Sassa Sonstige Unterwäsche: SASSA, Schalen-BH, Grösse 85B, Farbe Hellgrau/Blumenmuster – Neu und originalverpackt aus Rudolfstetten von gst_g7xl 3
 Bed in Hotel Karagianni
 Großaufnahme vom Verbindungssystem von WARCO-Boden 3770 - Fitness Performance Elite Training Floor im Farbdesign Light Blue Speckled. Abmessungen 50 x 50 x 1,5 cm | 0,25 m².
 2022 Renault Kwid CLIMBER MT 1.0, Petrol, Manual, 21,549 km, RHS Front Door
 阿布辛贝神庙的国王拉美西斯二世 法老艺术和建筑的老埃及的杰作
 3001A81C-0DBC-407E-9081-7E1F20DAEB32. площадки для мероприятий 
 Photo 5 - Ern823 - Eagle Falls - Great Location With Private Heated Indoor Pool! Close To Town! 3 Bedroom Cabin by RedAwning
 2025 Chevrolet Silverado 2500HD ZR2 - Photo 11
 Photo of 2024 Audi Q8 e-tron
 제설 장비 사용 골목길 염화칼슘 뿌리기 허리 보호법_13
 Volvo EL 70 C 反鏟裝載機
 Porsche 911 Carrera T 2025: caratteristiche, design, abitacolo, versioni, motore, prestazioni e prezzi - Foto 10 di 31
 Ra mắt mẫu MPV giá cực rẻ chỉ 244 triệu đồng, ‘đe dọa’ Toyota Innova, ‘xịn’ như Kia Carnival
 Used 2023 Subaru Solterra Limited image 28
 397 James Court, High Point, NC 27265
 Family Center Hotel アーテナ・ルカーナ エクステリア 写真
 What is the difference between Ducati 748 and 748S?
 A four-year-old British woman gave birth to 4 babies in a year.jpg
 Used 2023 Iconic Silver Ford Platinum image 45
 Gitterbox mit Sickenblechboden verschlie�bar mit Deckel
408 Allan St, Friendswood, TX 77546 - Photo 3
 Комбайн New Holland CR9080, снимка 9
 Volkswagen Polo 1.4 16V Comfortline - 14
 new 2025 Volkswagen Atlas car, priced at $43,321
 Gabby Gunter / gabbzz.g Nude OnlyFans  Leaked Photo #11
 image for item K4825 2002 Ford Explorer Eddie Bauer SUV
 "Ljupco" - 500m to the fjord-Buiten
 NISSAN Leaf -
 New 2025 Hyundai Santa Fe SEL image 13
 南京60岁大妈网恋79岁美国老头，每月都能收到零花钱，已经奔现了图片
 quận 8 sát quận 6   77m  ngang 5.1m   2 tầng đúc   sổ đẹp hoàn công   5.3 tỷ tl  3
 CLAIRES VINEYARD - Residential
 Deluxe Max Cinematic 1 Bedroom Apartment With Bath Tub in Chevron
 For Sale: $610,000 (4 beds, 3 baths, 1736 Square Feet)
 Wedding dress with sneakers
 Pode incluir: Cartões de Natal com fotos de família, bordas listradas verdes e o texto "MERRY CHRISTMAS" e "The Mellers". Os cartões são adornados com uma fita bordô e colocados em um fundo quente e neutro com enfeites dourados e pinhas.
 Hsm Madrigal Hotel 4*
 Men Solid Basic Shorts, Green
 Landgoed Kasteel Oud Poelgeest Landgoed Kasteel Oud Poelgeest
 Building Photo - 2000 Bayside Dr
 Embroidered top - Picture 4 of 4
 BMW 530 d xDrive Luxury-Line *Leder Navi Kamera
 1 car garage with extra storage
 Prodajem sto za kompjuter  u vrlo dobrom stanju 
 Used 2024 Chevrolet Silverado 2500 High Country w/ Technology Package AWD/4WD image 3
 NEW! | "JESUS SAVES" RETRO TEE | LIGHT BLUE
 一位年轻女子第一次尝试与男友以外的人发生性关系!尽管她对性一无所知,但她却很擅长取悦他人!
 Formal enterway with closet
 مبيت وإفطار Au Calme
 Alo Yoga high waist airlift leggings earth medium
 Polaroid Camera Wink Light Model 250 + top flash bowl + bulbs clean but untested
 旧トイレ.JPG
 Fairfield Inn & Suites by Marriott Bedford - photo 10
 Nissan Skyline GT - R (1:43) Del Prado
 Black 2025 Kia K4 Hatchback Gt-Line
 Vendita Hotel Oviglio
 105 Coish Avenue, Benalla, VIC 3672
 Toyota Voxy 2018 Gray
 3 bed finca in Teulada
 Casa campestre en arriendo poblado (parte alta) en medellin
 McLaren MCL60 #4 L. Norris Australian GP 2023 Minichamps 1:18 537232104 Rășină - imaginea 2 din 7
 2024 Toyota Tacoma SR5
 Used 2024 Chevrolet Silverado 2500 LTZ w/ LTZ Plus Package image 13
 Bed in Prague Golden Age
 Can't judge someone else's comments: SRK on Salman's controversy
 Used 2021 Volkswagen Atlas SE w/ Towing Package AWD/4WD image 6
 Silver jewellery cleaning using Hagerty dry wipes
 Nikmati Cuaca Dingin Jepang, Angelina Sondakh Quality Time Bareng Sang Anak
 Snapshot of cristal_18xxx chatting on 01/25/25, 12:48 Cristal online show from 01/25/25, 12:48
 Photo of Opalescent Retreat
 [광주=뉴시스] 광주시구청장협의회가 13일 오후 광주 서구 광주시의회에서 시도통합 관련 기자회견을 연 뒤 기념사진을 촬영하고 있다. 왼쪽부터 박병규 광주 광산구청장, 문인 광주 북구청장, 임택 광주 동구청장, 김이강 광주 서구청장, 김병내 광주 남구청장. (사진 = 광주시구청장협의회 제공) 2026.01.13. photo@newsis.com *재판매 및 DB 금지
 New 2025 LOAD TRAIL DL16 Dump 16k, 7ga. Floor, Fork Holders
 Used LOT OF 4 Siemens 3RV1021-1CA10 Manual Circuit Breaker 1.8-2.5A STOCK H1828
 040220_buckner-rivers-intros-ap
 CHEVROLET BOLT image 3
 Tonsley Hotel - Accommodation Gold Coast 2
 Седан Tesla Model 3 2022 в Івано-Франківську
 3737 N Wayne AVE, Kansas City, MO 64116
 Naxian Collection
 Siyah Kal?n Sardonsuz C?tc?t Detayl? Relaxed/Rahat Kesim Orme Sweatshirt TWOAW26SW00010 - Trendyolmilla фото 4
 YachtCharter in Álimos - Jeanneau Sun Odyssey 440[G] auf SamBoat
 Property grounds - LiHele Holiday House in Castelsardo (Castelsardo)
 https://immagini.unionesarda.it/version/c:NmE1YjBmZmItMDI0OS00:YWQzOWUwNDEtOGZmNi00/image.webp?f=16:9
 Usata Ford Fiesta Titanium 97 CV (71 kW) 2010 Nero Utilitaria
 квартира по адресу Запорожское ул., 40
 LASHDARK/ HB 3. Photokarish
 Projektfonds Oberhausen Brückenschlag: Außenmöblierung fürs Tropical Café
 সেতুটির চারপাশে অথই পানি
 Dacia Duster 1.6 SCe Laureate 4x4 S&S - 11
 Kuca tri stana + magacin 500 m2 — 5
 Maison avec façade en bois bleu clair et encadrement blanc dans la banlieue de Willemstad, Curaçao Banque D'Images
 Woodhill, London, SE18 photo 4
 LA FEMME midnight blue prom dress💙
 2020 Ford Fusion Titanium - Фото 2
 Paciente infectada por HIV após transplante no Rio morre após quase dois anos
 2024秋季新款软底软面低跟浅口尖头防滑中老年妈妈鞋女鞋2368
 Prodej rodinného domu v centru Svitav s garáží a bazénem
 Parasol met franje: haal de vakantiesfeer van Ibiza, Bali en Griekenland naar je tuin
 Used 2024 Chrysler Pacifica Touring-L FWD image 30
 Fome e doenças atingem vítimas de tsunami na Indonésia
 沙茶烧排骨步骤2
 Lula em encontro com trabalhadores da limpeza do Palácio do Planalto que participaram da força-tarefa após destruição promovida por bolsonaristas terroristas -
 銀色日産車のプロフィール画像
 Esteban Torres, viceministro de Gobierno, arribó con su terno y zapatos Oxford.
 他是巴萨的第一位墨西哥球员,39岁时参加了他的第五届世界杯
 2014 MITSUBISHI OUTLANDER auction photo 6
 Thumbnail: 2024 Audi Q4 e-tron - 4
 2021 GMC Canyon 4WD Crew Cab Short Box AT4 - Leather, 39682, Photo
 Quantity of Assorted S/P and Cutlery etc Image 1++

# # #

What to work on = Would you retype exactly the lines above, from the line with "2025 Chevrolet Silverado" to the line with "New 2025 Hyundai Santa Fe SEL image 13", with both end lines kept and nothing more?

Response to this task =
 2025 Chevrolet Silverado 2500HD ZR2 - Photo 11
 Photo of 2024 Audi Q8 e-tron
 제설 장비 사용 골목길 염화칼슘 뿌리기 허리 보호법_13
 Volvo EL 70 C 反鏟裝載機
 Porsche 911 Carrera T 2025: caratteristiche, design, abitacolo, versioni, motore, prestazioni e prezzi - Foto 10 di 31
 Ra mắt mẫu MPV giá cực rẻ chỉ 244 triệu đồng, ‘đe dọa’ Toyota Innova, ‘xịn’ như Kia Carnival
 Used 2023 Subaru Solterra Limited image 28
 397 James Court, High Point, NC 27265
 Family Center Hotel アーテナ・ルカーナ エクステリア 写真
 What is the difference between Ducati 748 and 748S?
 A four-year-old British woman gave birth to 4 babies in a year.jpg
 Used 2023 Iconic Silver Ford Platinum image 45
 Gitterbox mit Sickenblechboden verschlie�bar mit Deckel
408 Allan St, Friendswood, TX 77546 - Photo 3
 Комбайн New Holland CR9080, снимка 9
 Volkswagen Polo 1.4 16V Comfortline - 14
 new 2025 Volkswagen Atlas car, priced at $43,321
 Gabby Gunter / gabbzz.g Nude OnlyFans  Leaked Photo #11
 image for item K4825 2002 Ford Explorer Eddie Bauer SUV
 "Ljupco" - 500m to the fjord-Buiten
 NISSAN Leaf -
 New 2025 Hyundai Santa Fe SEL image 13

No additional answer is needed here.